# changing wireless router to access point



## foxjohnsix (Jan 6, 2012)

Can anyone recommend a step by step process to convert a basic Actiontec
MI424WR wireless router to a wireless access point to add to a home network?


----------



## spunk.funk (May 13, 2010)

The *Actiontec MI424WR*_ is_ a wireless access point. In other words, If you have it configured with your ISP to access the internet, any wireless device within it's range can access the wireless router if they have the Security Key. 
What are you trying to do? 
Faqs for Verizon FiOS Router (Rev F)


----------



## Old Rich (May 31, 2007)

See this for how to use two routers:

http:// Connecting Additional Routers | Tech Support Forum


----------



## foxjohnsix (Jan 6, 2012)

I have a home network so there is a wireless router already in place. I want to set up another wi-fi area in my house by using an old Actiontec wireless rounter converted to JUST an access point so it will not conflict 
with the existing router.


----------



## spunk.funk (May 13, 2010)

Now I am clear to what you want. Old Rich's TSF link is very informative and should it explain it to you.


----------



## foxjohnsix (Jan 6, 2012)

There were several comments chalenging his post. His post was more about extending existing wi-fi signal. I am trying to use an old router to put wi-fi in a dead spot in my house where I have an coaxial/ether net/moco bridge to connect that old routher to. I just want to configure
it so it will not conflict with my existing router that supports the network in my house.


----------



## foxjohnsix (Jan 6, 2012)

I am just a layman. I know enough about this stuff to be .... dangerous.
I tinker with the gear and computers.


----------



## Old Rich (May 31, 2007)

foxjohnsix said:


> There were several comments chalenging his post. His post was more about extending existing wi-fi signal. I am trying to use an old router to put wi-fi in a dead spot in my house where I have an coaxial/ether net/moco bridge to connect that old routher to. I just want to configure
> it so it will not conflict with my existing router that supports the network in my house.
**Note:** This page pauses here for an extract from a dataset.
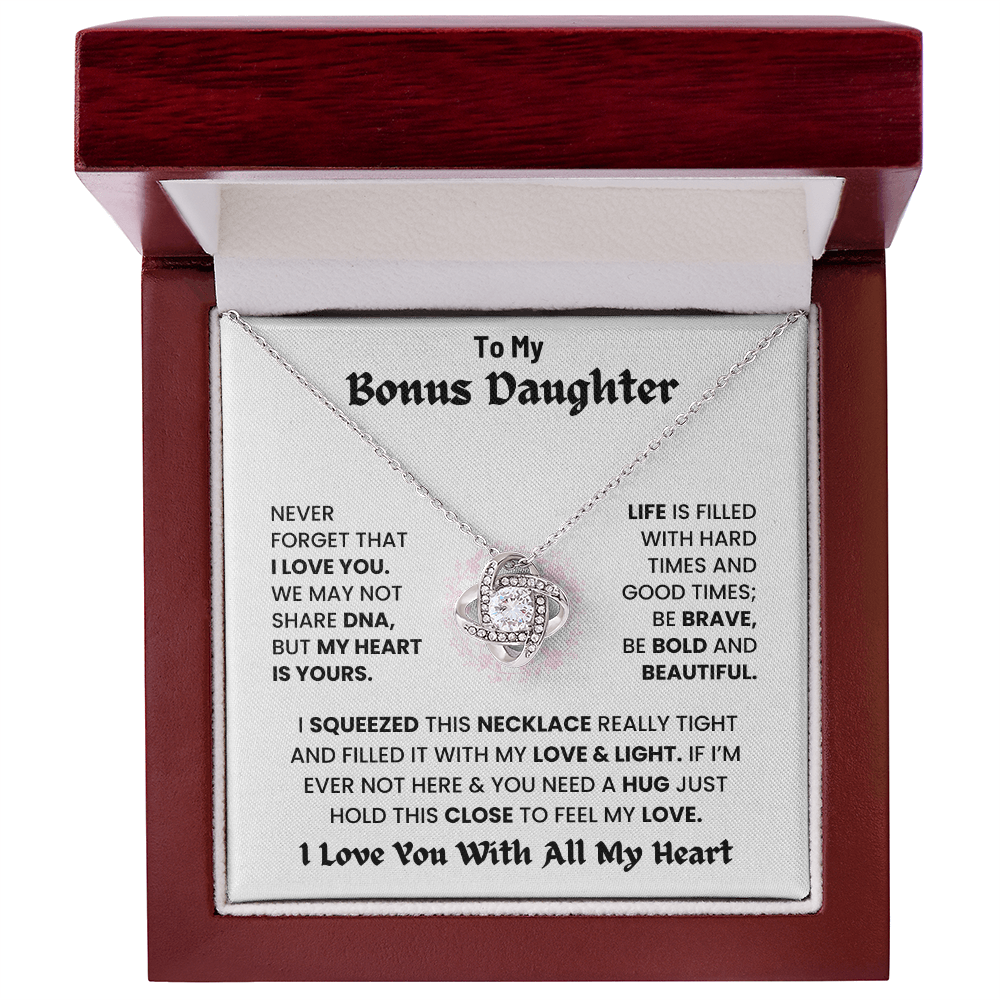 To My Bonus Daughter, I Love You With All My Heart necklace.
That is what the tutorial will let you do


----------



## spunk.funk (May 13, 2010)

> I think the title of this article should be, How to extend wifi signal range. When you added a second router, the additional router, according to the articles, would not perform as a router but as pure as a wifi access point( no router function).


----------



## Old Rich (May 31, 2007)

It will not perform as a router . . but you do not want two routers connected . . it acts as a switch and the first router will handle IP assignments and routing


----------



## foxjohnsix (Jan 6, 2012)

Thanx OR. Will try your solution as per article.


----------



## shobuddy (Aug 14, 2017)

This is an old thread but I'm in the same boat as OP. I have a TP Link router in the basement and want to use an Actiontec mi424wr as an AP on the second floor where I have an ethernet port fed from the basement router. Since both the router and AP will have the same SSID, my question is, is there a definitive way to test whether I'm connected to the basement router or AP? Currently with just the basement router I get signal on the second floor but I'm hoping the AP will boost the speed. I'm assuming the only way to test whether I'm connected to the AP is to do a speed test before and after setting up the AP.


----------



## Old Rich (May 31, 2007)

You can Download and run this Xirrus WiFi Inspector, click the *Networks* link on the upper left and pick the one with the strongest signal. Note that this application requires NET Framework to run. If you get an error about a missing function, download and install NET Framework.


----------